Der russische Ex-Schachweltmeister und Kreml-Kritiker Garri Kasparow (54) ist sich sicher, dass Russlands Präsident Wladimir Putin unbedingt die Wiederwahl der deutschen Kanzlerin Angela Merkel im Herbst verhindern will. "Er wird alles dafür tun, dass sie ihr Amt verliert. Auch weil sie die westlichen Sanktionen gegen Russland unterstützt", sagte Kasparow, der etwa vor russischen Hacker-Angriffen im Bundestagswahlkampf warnt.
Laut Kasparow sei die deutsche Kanzlerin eine Schlüsselfigur in der EU, die Putins Plänen im Weg stehe. "Putin wird daher mit aller Macht versuchen, Merkel zu schwächen", sagte Kasparow am Dienstag gegenüber der "Bild". Nach Hacker-Angriffen auf US-Präsidentschaftskandidatin Hillary Clinton sowie auf Emmanuel Macron kurz vor der Wahl in Frankreich warnte der Kreml-Kritiker, dass es womöglich auch im deutschen Bundestagswahlkampf zu solchen Attacken kommen könnte.
"Russland versucht, Einheit des Westens zu spalten"
Kasparow bestritt vehement die These, dass Putin weltpolitisch in einer starken Position sei. Im Gegensatz zu Zeiten des Kalten Krieges "hat die freie Welt heute die militärische und wirtschaftliche Überlegenheit". Deshalb versuche Russland, die Einheit des Westens zu spalten und unterstütze auch über das Internet politische Splittergruppen. Deshalb müsse Putin endlich Konsequenzen für seine Taten spüren. Kasparow gegenüber der "Bild": "Solange Putin keinen Preis für seine Aktionen bezahlen muss, wird er weitermachen."
"Putin ist alles recht - ob die rechte Marine Le Pen oder der linke Jean-Luc Melenchon in Frankreich oder die AfD oder Die Linke in Deutschland", sagte der ehemalige Schachweltmeister, der darauf hofft, dass Putins Plan nicht aufgehen wird. "Putin hat in Frankreich verloren, er hat in den Niederlanden verloren - und hoffentlich wird er auch in Deutschland verlieren."

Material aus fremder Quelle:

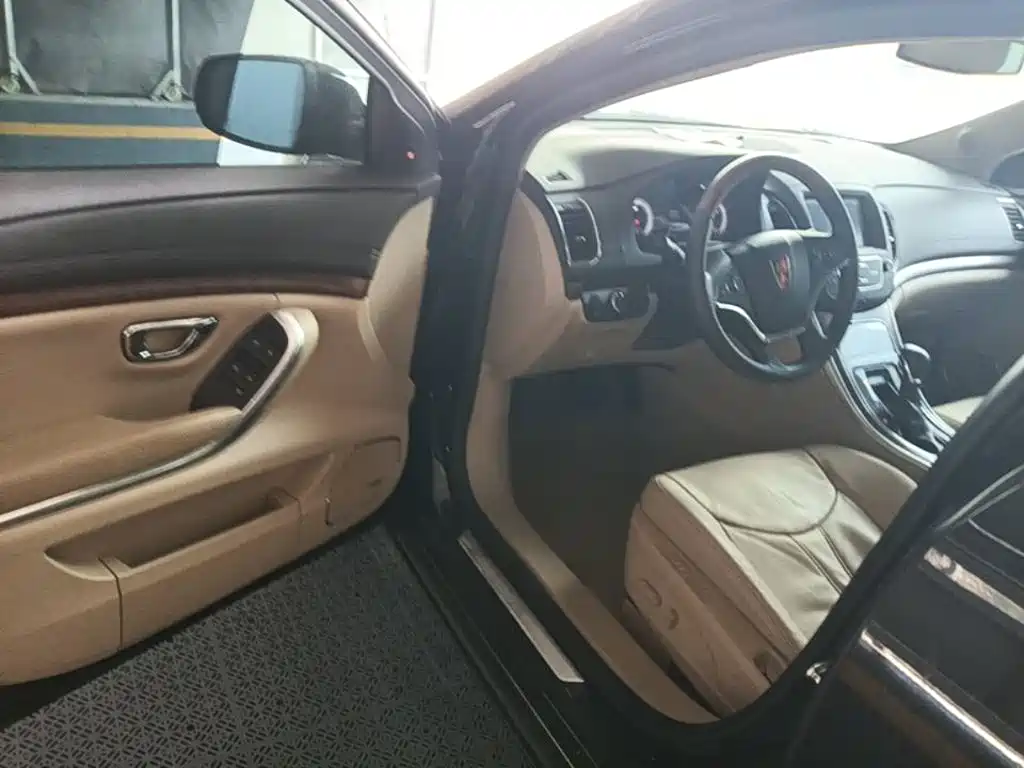 Roewe 950 2016 2015 2.0T Luxury Executive Edition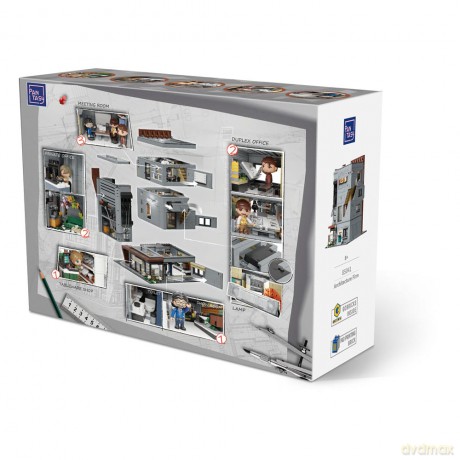 Pantasy Original Construction Set Architecture Firm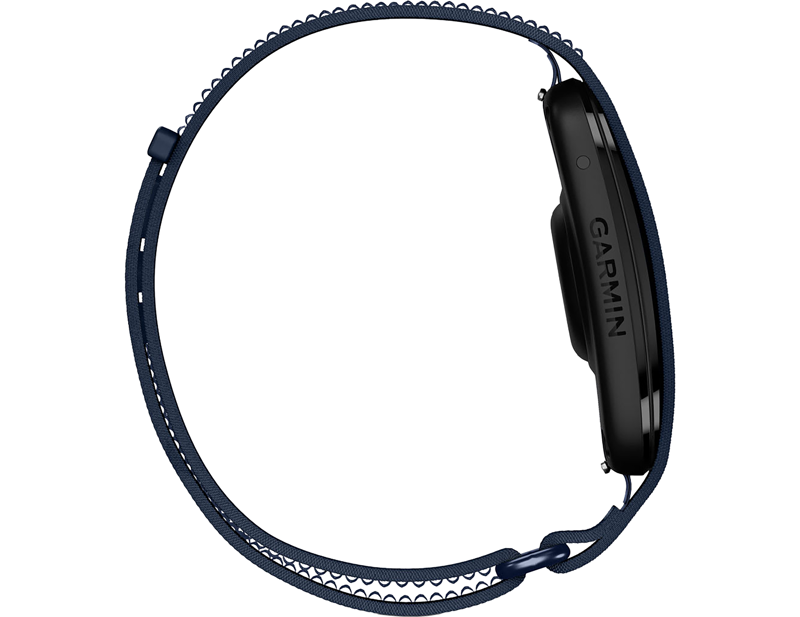 Garmin CIRQA Smart Band in Captain Blue-3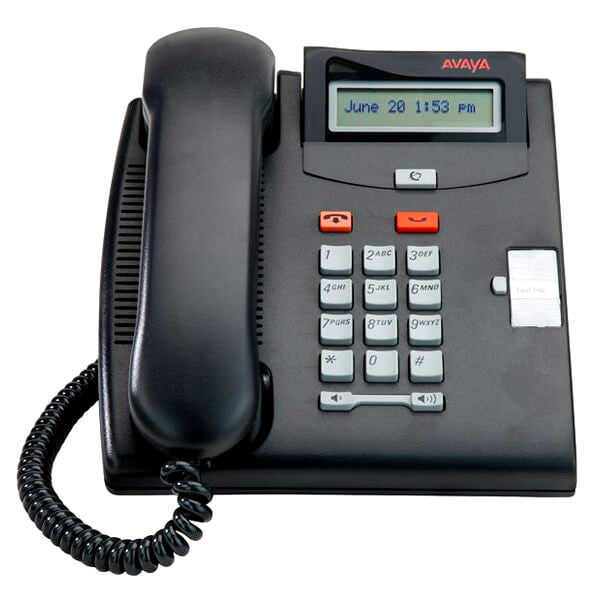 Avaya T7100 Telephone (Refurbished) (NT8B25)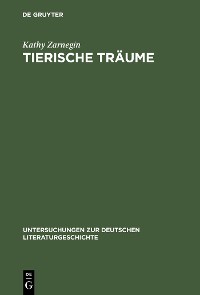 Cover Tierische Träume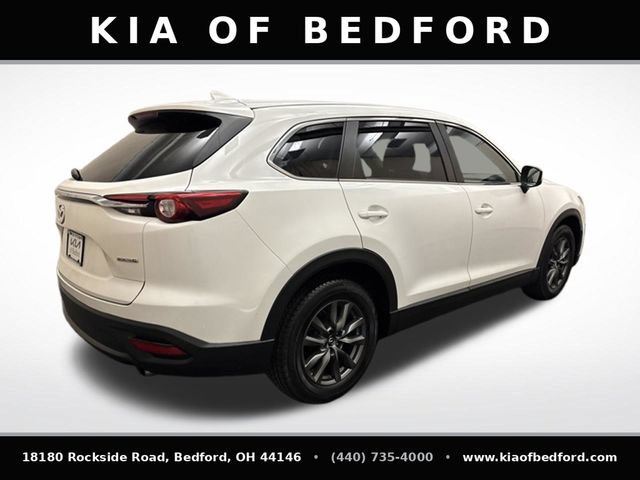 Used 2022 MAZDA CX-9 Sport AWD/4WD image 6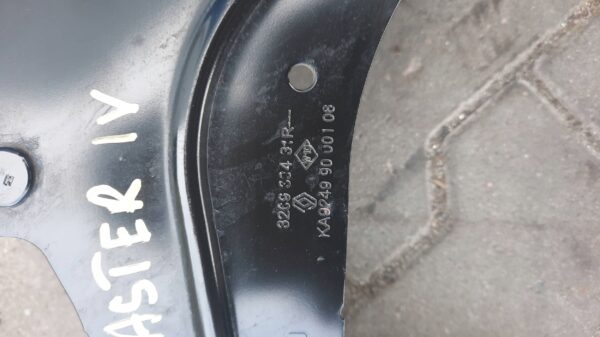 MOCOWANIE AKUMULATORA MASTER IV 2021R 320930431R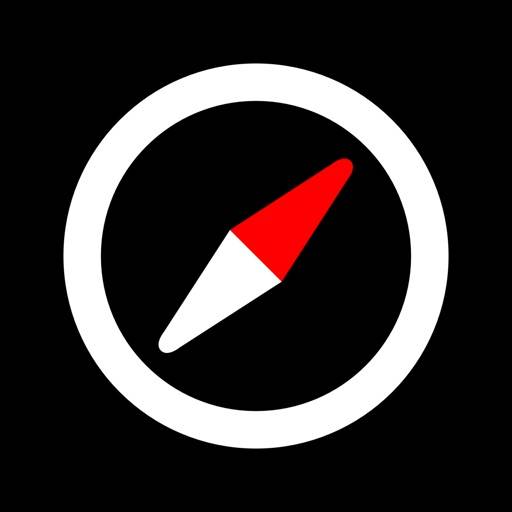 Compass Simple icon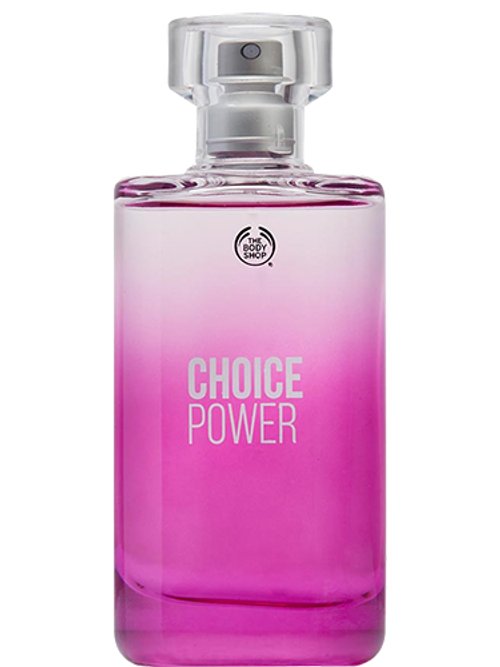 Choice Power by The Body Shop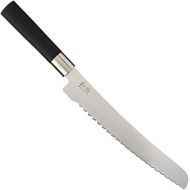 [아마존베스트]Kai Wasabi black bred knife 23cm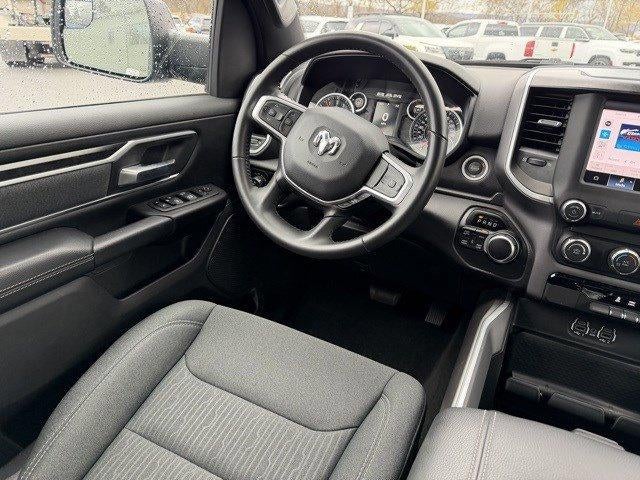 2022 RAM 1500 Big Horn 4x4 Crew Cab 5'7" Box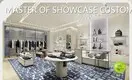Shop Display Suppliers Stainless Steel - - LUXE Showcases 1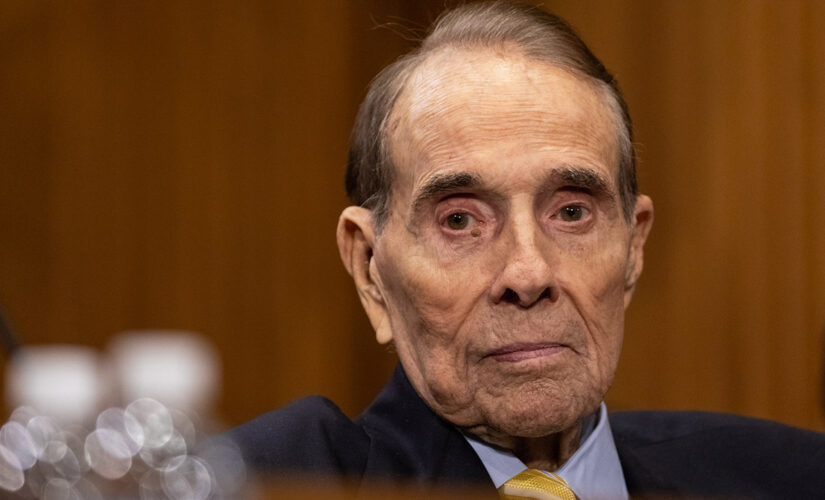 Longtime GOP senator and presidential candidate Bob Dole dead at 98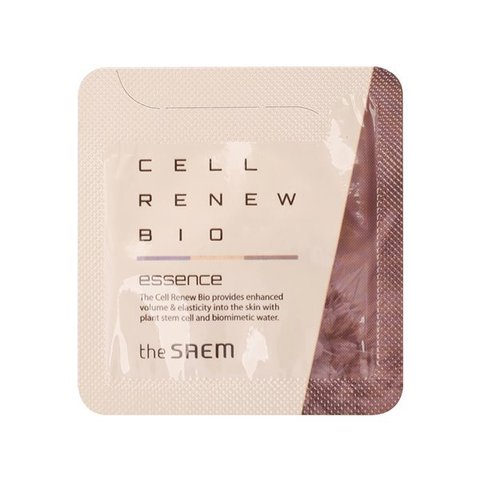 THE SAEM Cell Renew Bio Essence Sample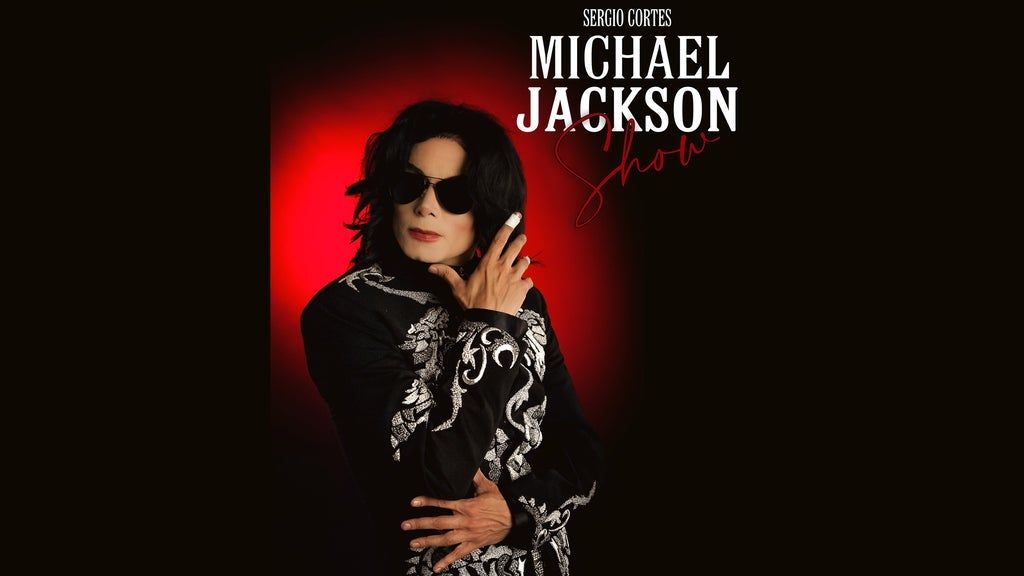 Michael Jackson Show - Sergio Cortes, 20 March | Event in Mons | AllEvents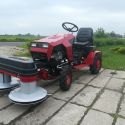 DAKR Panter FD-5 minitraktor 4. kép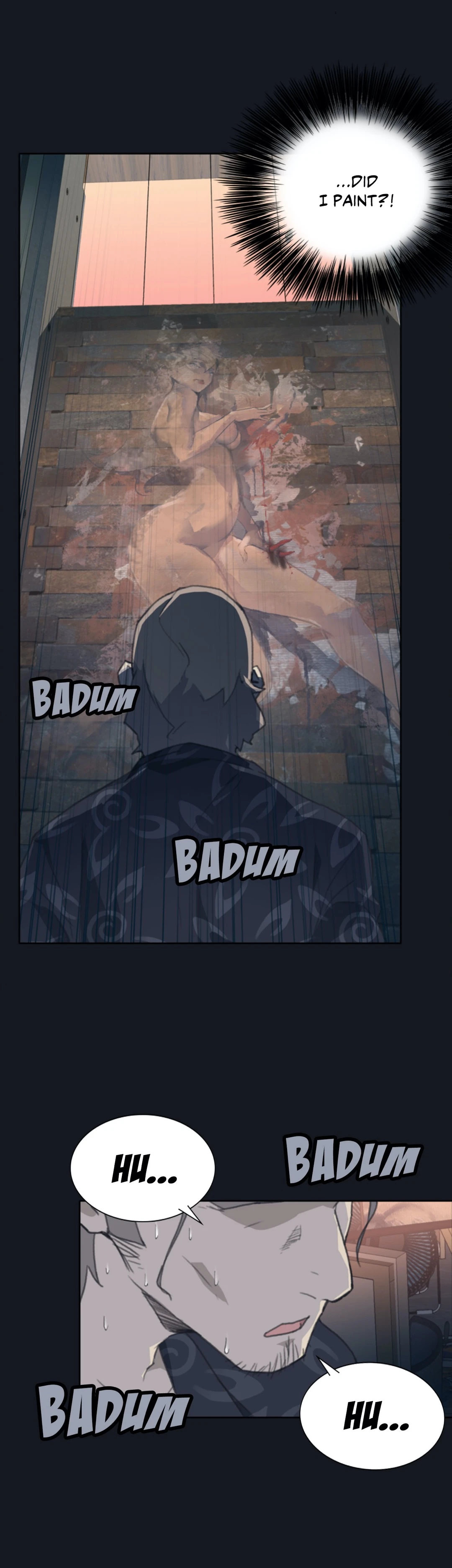 Bulgeun Byeok - Chapter 3 [photo 14] - MangaPorn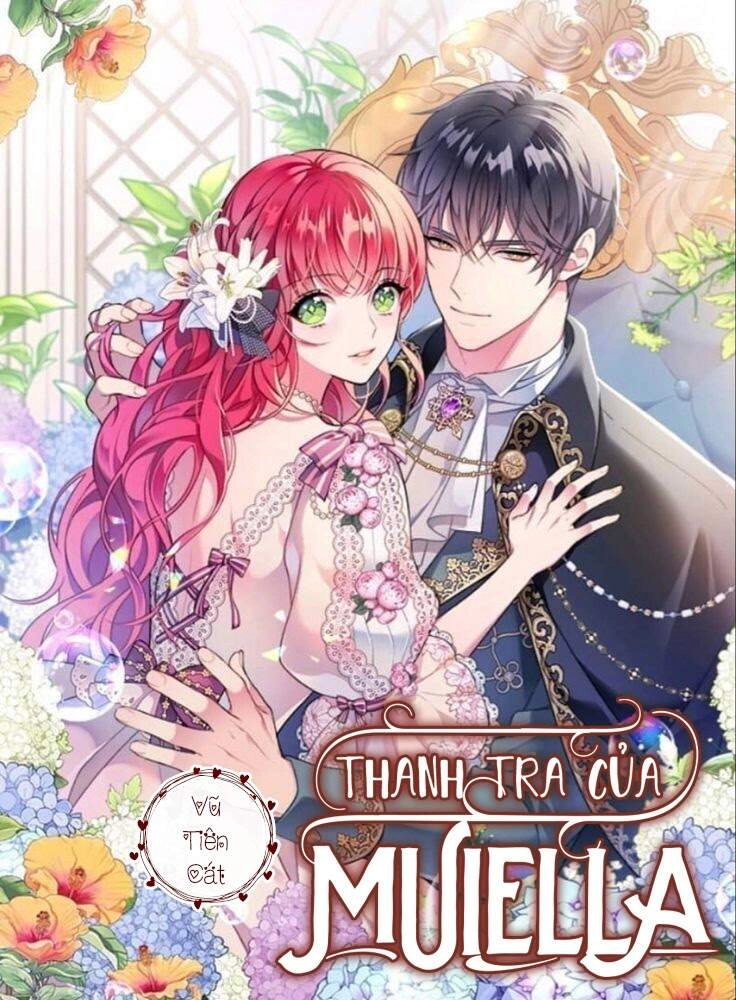Thám Tử Của Muiella Chapter 110 - 1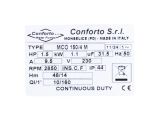 Многоступенчатый самовсасывающий насос Conforto MCO 150/4 M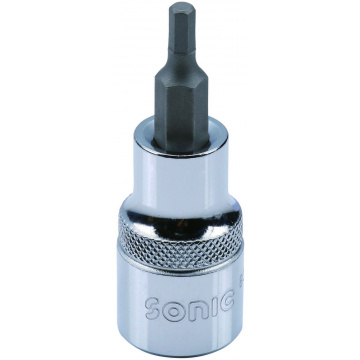 Hylsa 1/2" Insex 6mm Sonic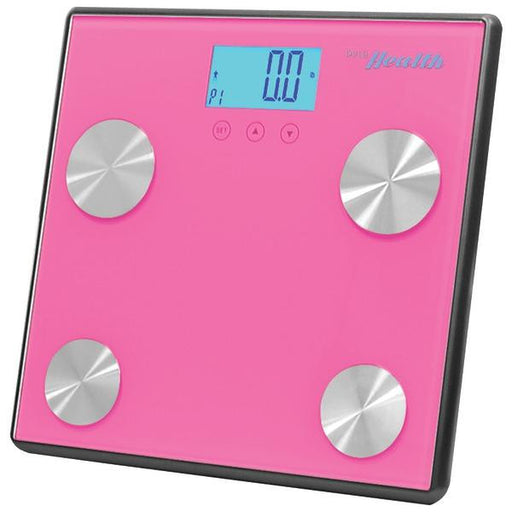 Pyle-sport Phlscbt4pn Bluetooth(r) Digital Weight & Personal Health Scale With Wireless Smartphone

Kasparow lebt seit 2013 in New York
Kasparow gehörte einst zu den aktivsten Oppositionspolitikern Russlands. 2007 hatte er Massenproteste gegen Putin organisiert und sogar um das Amt des Präsidenten kandidiert, zog seine Kandidatur dann jedoch zurück. Jahrelang war er staatlichen Repressionen ausgesetzt, wurde mehrfach verhaftet und bekam die Polizeigewalt am eigenen Leib zu spüren. 2013 verließ er Russland und lebt seitdem in New York.
Wahlmanipulationen: Deutsche Politiker in Alarmbereitschaft
Die deutschen Politiker sind unterdessen bezüglich möglicher Manipulationen im Bundestagswahlkampf in Alarmbereitschaft. "Wir müssen damit rechnen, dass versucht wird, in den Wahlkampf einzugreifen - das Gegenteil würde mich wundern", sagte etwa der CDU-Innenpolitiker Wolfgang Bosbach in der Vorwoche. Laut ihm seien in den USA viele Indizien aufgetaucht, die darauf hindeuteten, dass Russland hinter dem Hacker-Angriff auf den Wahlkampf Clintons stand.
Der SPD-Innenexperte Burkhard Lischka erklärte: "Wer Gemeinsamkeiten zwischen den Datenlecks bei Clinton und Macron sucht, dem fällt auf: In beiden Fällen waren liberale Politiker betroffen, die russlandkritische Positionen vertreten und eine enge sicherheitspolitische Zusammenarbeit westlicher Staaten befürworten." Und die Vorsitzende des Bundestags-Unterausschusses für Zivile Krisenprävention, Franziska Brantner, meinte: "Diese Beeinflussung von außen richtet sich gegen jeden, der eine klare Haltung gegenüber Russland vertritt."